→ Data listing

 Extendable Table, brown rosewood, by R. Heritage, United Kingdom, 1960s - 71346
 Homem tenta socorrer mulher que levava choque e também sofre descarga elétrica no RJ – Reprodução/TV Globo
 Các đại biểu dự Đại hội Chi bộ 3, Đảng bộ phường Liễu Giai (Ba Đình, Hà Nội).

--

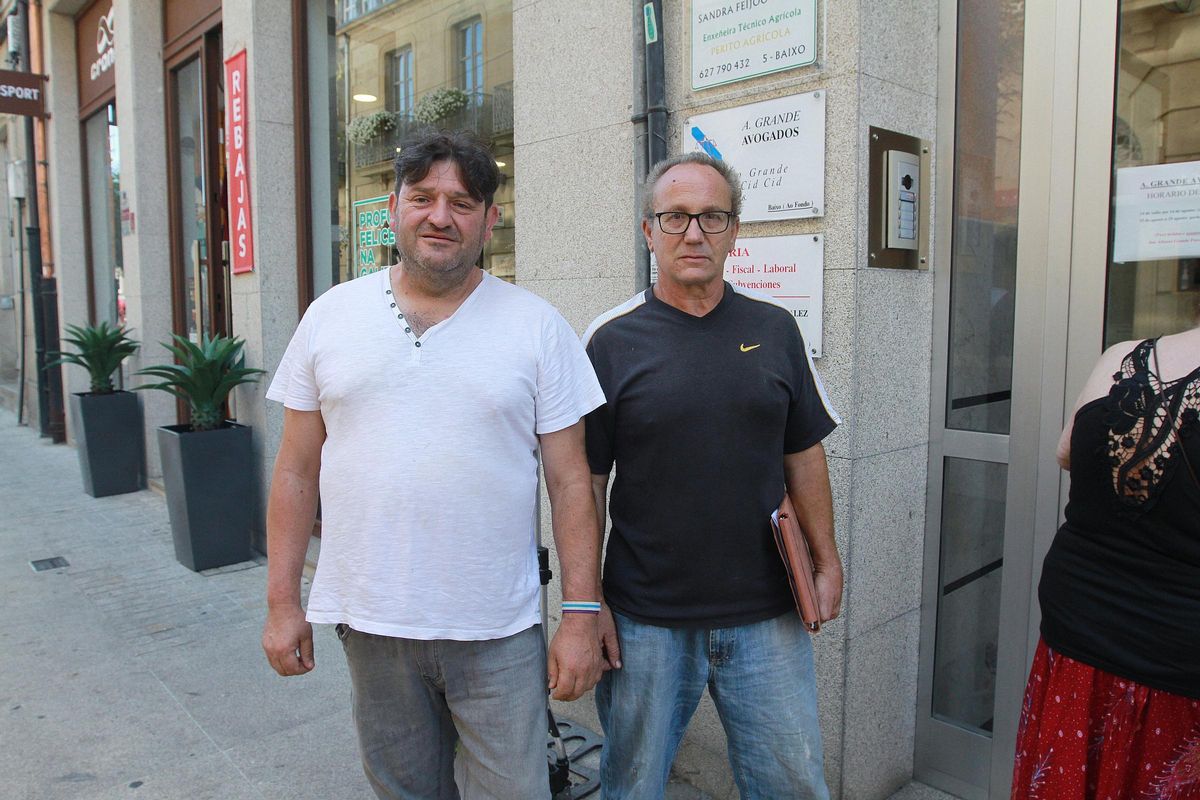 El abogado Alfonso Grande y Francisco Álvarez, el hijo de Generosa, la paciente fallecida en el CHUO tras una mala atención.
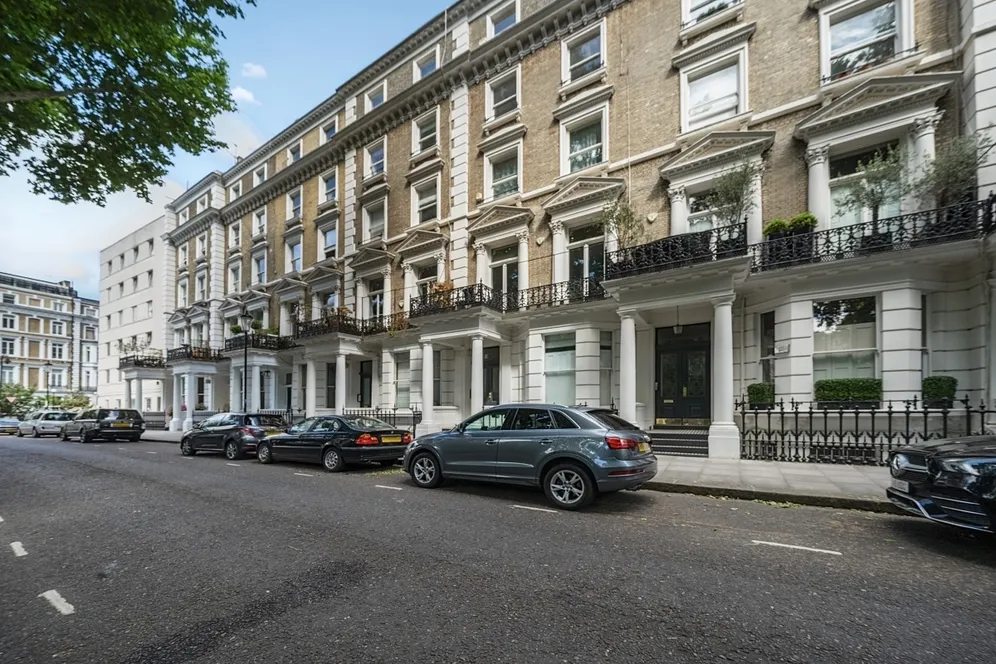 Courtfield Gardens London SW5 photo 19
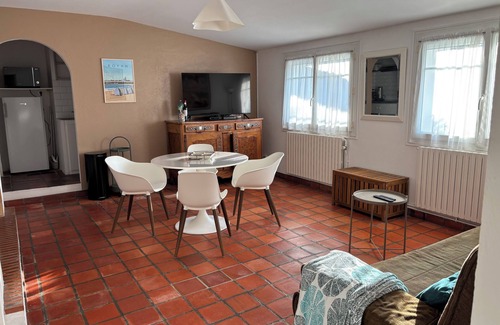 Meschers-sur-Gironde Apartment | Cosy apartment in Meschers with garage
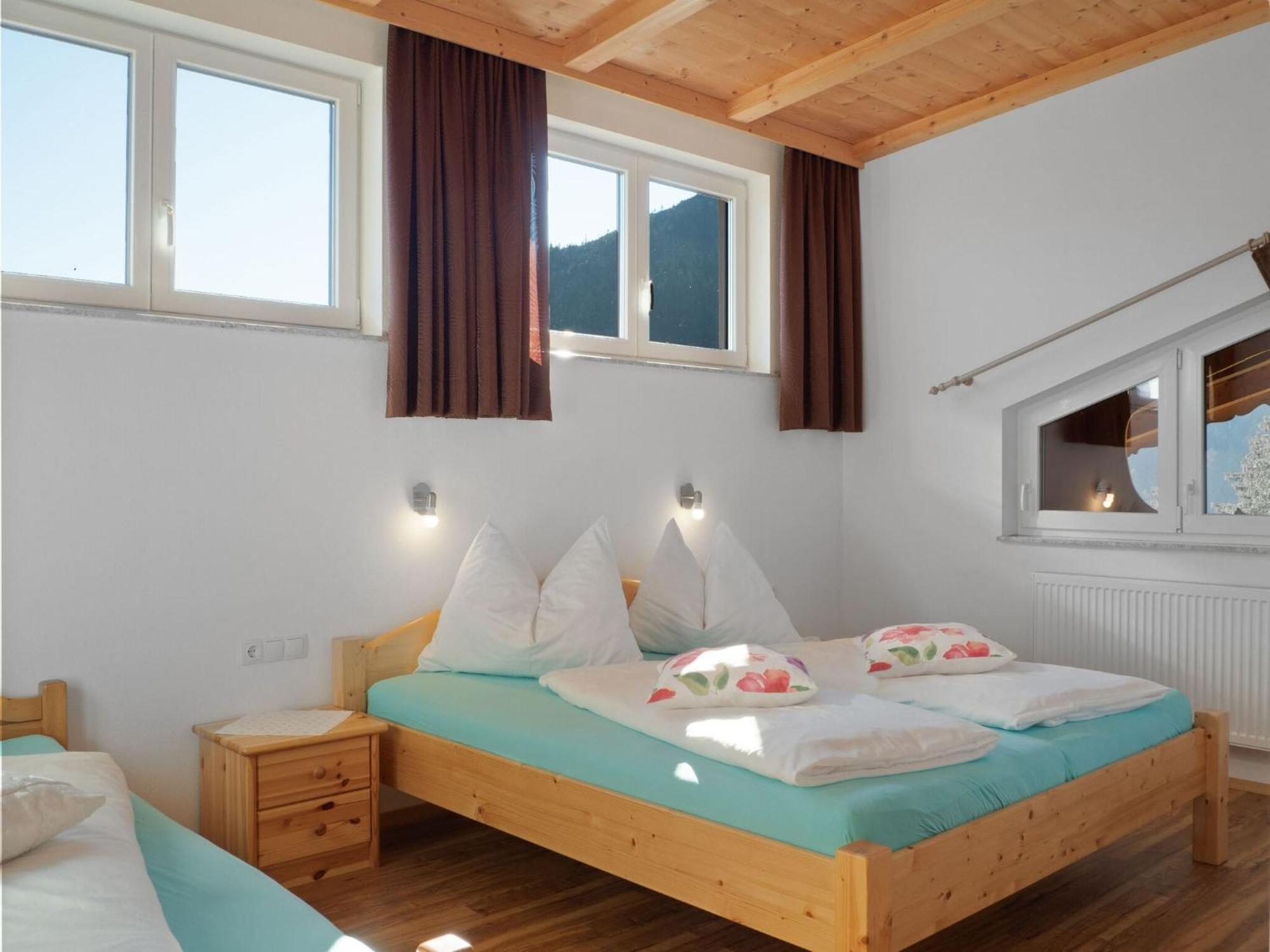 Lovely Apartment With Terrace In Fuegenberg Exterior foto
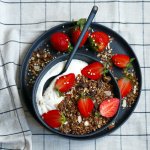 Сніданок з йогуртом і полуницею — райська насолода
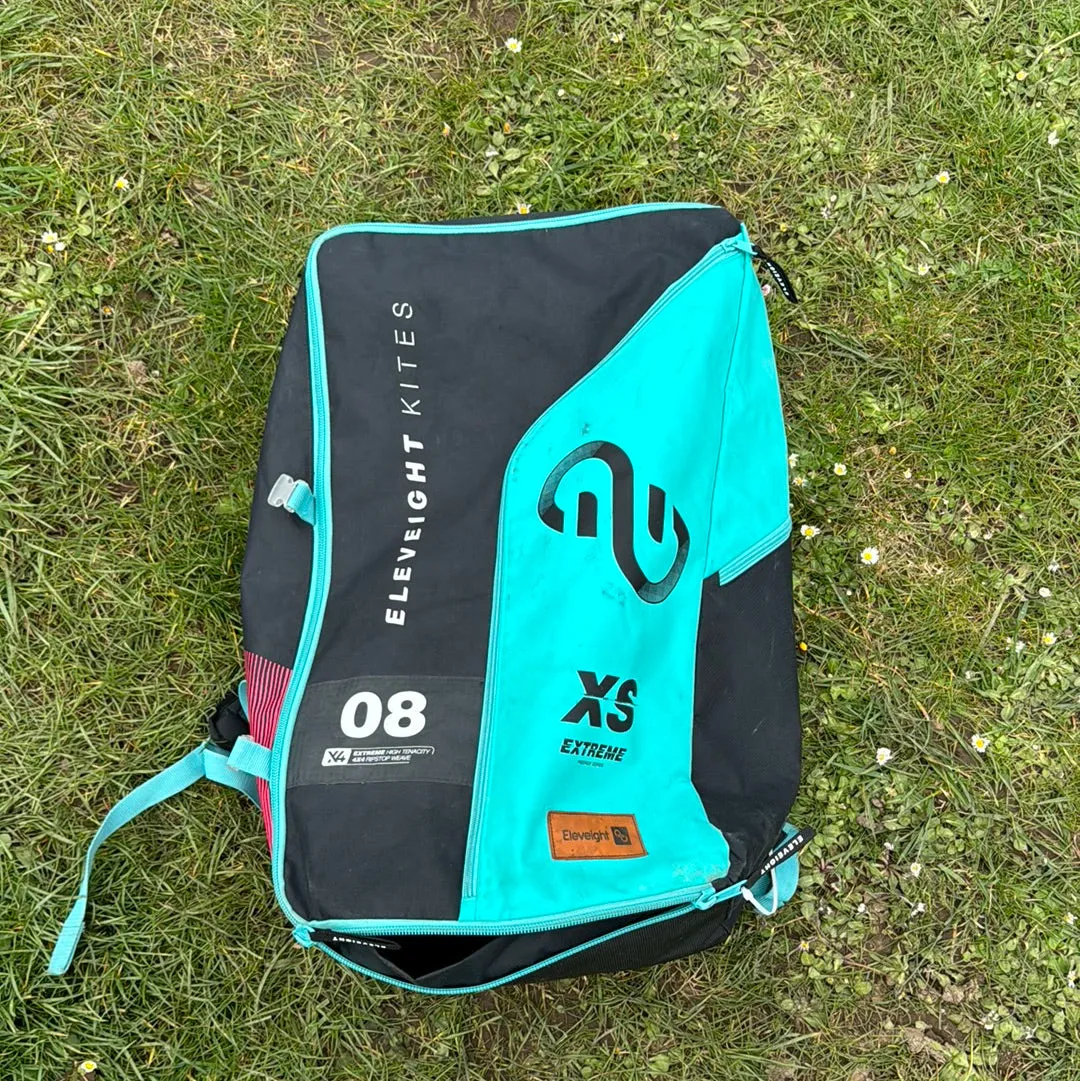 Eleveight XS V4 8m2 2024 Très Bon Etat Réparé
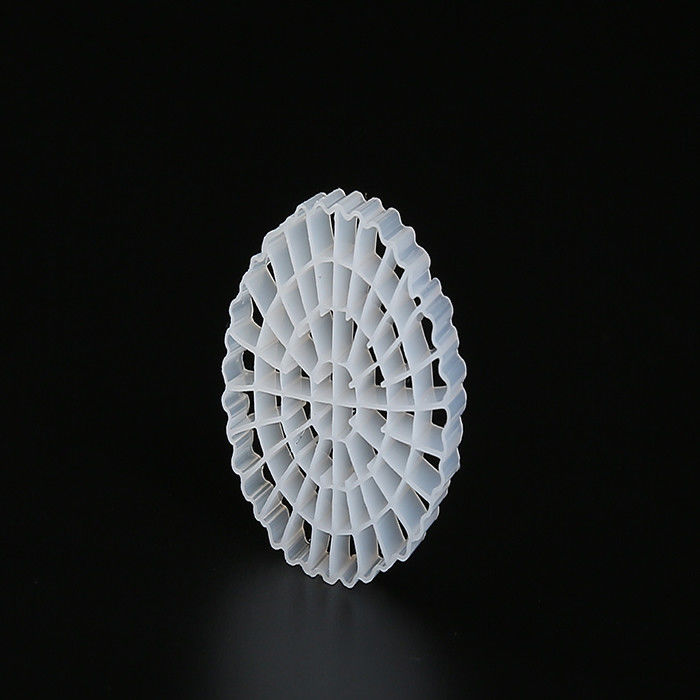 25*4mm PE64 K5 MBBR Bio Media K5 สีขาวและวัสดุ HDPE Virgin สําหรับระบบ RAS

→ Problem requirements
In the listing above, find the line with "Extendable Table, brown" and the line with "Các đại biểu", then print exactly those lines and every line between them.

→ Task answer
 Extendable Table, brown rosewood, by R. Heritage, United Kingdom, 1960s - 71346
 Homem tenta socorrer mulher que levava choque e também sofre descarga elétrica no RJ – Reprodução/TV Globo
 Các đại biểu dự Đại hội Chi bộ 3, Đảng bộ phường Liễu Giai (Ba Đình, Hà Nội).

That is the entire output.